The multiple process world can be different though.  You basically end
up with a new EtherCAT API.  A combination of the etherlabmaster API and
a custom named semaphore API.  Without this, applications will not work
properly together.  Why not include such a feature directly in
etherlabmaster?  Without it, I think we are making the user-space
applications (non-RTDM) into a second-class citizen.

It might not matter to you, but as this how we use etherlabmaster, it
matters to me.

>> The final "problem" is as you say a design question.  Should etherlabmaster
>> support synchronization of access from multiple threads/processes, or should
>> this be left entirely to the application developer.  But if
>> master->datagram_queue is changed to something lock-free, this "problem" 
>> master->will
>> likely be solved also.
>> 
>> >> > However, if they are being called from multiple processes (rather 
>> >> > than
>> >> > threads) then you need to use something like a named semaphore so 
>> >> > that all processes share the same lock.  Of course if you are using 
>> >> > callbacks (for EoE) you are probably doing that anyway.
>> >> 
>> >> You easily have We have multiple processes.  Even with just a single 
>> >> application, you have EtherCAT-OP, EtherCAT-EoE and the application.
>> >> All using some of the same shared data structures.  Throwing more 
>> >> multiple application just adds to that, but I think it is critical 
>> >> enough with just a single application.
>> >
>> > Even if you have multiple processes (rather than threads), it is your 
>> > design decision as to which process takes priority and whether a 
>> > particular send/receive loop should wait a bit even if it could get 
>> > the lock now.  You can only do that if your application controls the
>> > locking of these functions.
>> 
>> While that sounds reasonable, I believe it is not entirely true.  You could
>> write a layer responsible for handling this, which gets information from the
>> application(s) for how to deal with this.  Think of it like a kind of
>> scheduler.
>> 
>> Example from an application I have seen.  You have two applications
>> (processes), each driving it's own EtherCAT domain.  One application/domain
>> is running every 2 ms, the other application/domain every 10 ms.  In
>> addition, EoE slaves are also used.  For each application, you could specify
>> the priority, the cycle time and the start time.  EoE should also be given a
>> priority.  This EtherCAT "scheduler" would then be able to decide which
>> EtherCAT communication to do and when.
>> 
>> So while I agree that it might be most obvious to implement the decission of
>> when to send/receive directly in the application, I think it could also be
>> implemented in a more generic way.
>
> You don't need the EtherCAT master to do that scheduling.  That is already
> available in Linux / RTAI or whatever you use.

What do you mean?

> But once one of the above ecrt function calls is in progress you need
> to ensure no other process / thread will call one at the same time.

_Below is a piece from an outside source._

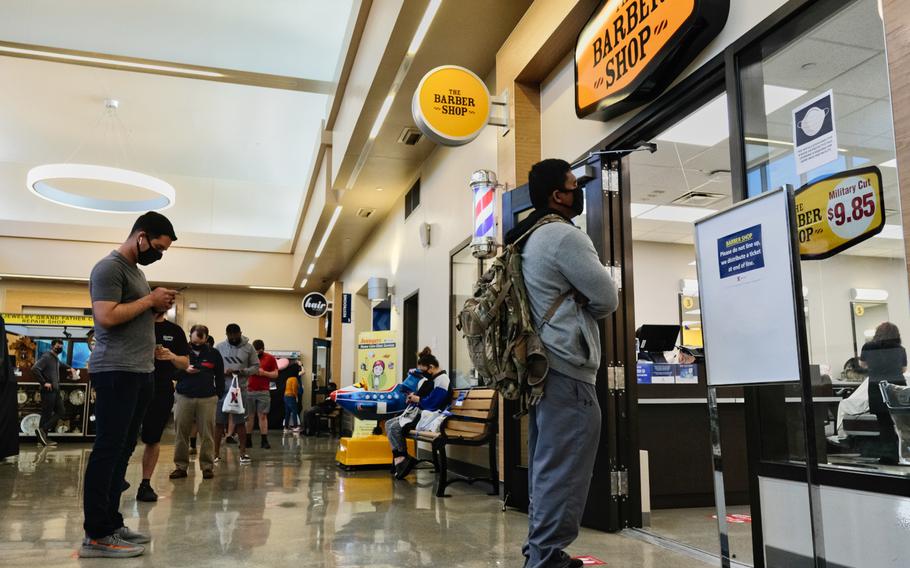 Customers practice social distancing while waiting to enter a barbershop at Camp Humphreys, South Korea, Saturday, April 18, 2020.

Yes, that is your preferred design (that **I** need to ensure that).  I
prefer a design where the master will do that for me (actually the
application developers using our platform).

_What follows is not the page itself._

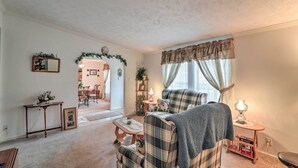 A cozy living room with a plaid sofa, a small table with a lamp, and a doorway leading to another room. - Oakland Retreat ~ 13 Mi to Deep Creek Lake! (Oakland)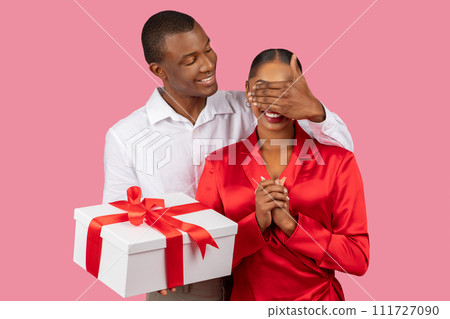 Black man surprises delighted woman with gift box 111727090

>> >> > They should probably also be turned off for RTAI / Xenomi in 
>> >> > general and as I said above use application level locking.
>> >> >
>> >> > You can pass --enable-rtdm when compiling to enable RTDM (and 
>> >> > compile rtdm-ioctl.o).
>> >> 
>> >> Passing --enable-rtdm to ./configure will define EC_RTDM macro and 
>> >> enable the automake conditional ENABLE_RTDM.
>> >> 
>> >> This will trigger Kbuild to build rtdm-ioctl.o (from rtdm-ioctl.c), 
>> >> and this will be done with EC_IOCTL_RTDM macro defined.
>> >> 
>> >> But ioctl.c will be compiled as always, and that is without 
>> >> EC_IOCTL_RTDM defined.  Was it supposed to be defined?  If so, it 
>> >> should be easy to fix, but someone should definitely do some real testing
>> >> of it.
>> >
>> > I think the locks should be disabled in both "rtdm-ioctl.c" and 
>> > "ioctl.c" if using RTAI, but I use RTDM so haven't confirmed this.
>> 
>> I don't see how it could ever be disabled for ioctl.c with the current code.
>
> By not using the patch that added them.

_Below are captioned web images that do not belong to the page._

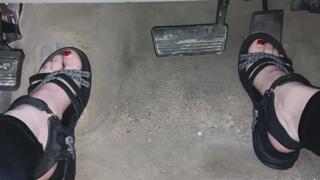 Evalynn playing with the pedals in sandals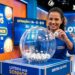 Mulher sorridente exibe bola com número 10 durante sorteio ao vivo da Loteria dos Sonhos, cenário azul e painéis digitais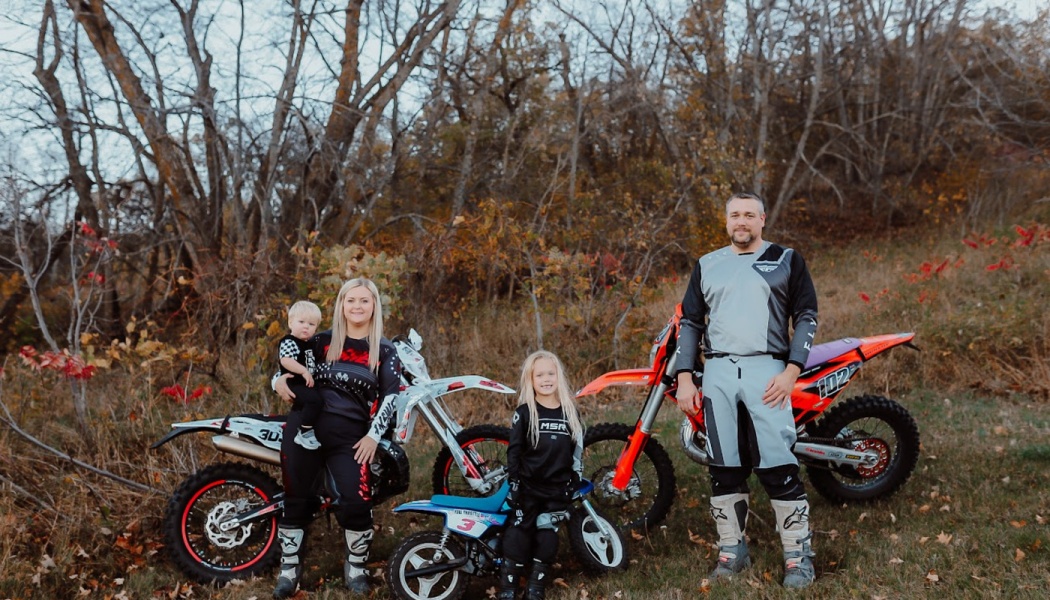A family of four in motocross gear poses outdoors with three dirt bikes in front of autumn trees.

Of-course.  But back to the same discussion again.

>> > Further to that I don't think they should be there at all.  Simple 
>> > applications have one send/receive loop so don't need locks.
>> > Applications with multiple send/receive loops or EOE need to control 
>> > their own locking for optimal results anyway.
>> 
>> Again, I don't fully agree with you on that.
>> 
>> But more importantly, it is not possible for user-space applications in
>> combination with EoE, due to inability to set application callbacks.
>> 
>> > Also, having these lock functions use master_sem the send/receive 
>> > functions block unnecessarily with non-realtime ethercat function 
>> > calls.  At a minimum they should be locking on their own semaphore.
>> 
>> True.  I have patches for fixing that.  The master_sem is definitely a no-go
>> for real-time.
>
> So, I believe the following two patches are the problem:
> - base/0017-Master-locks-to-avoid-corrupted-datagram-queue.patch
> - base/0018-Use-call-back-functions.patch

Well, that depends on how you look at it.  Removing those patches
removes the problem from etherlabmaster.  But then I just have to do
exactly the same thing on top of etherlabmaster, and I will be back to
square one.

> My new EoE patch rolls back the changes from
> "base/0018-Use-call-back-functions.patch" and I use EC_IOCTL_RTDM so ignore
> the changes in
> "base/0017-Master-locks-to-avoid-corrupted-datagram-queue.patch".

Ok.  I think you could have been a bit more explicit about that
roll-back.

/Esben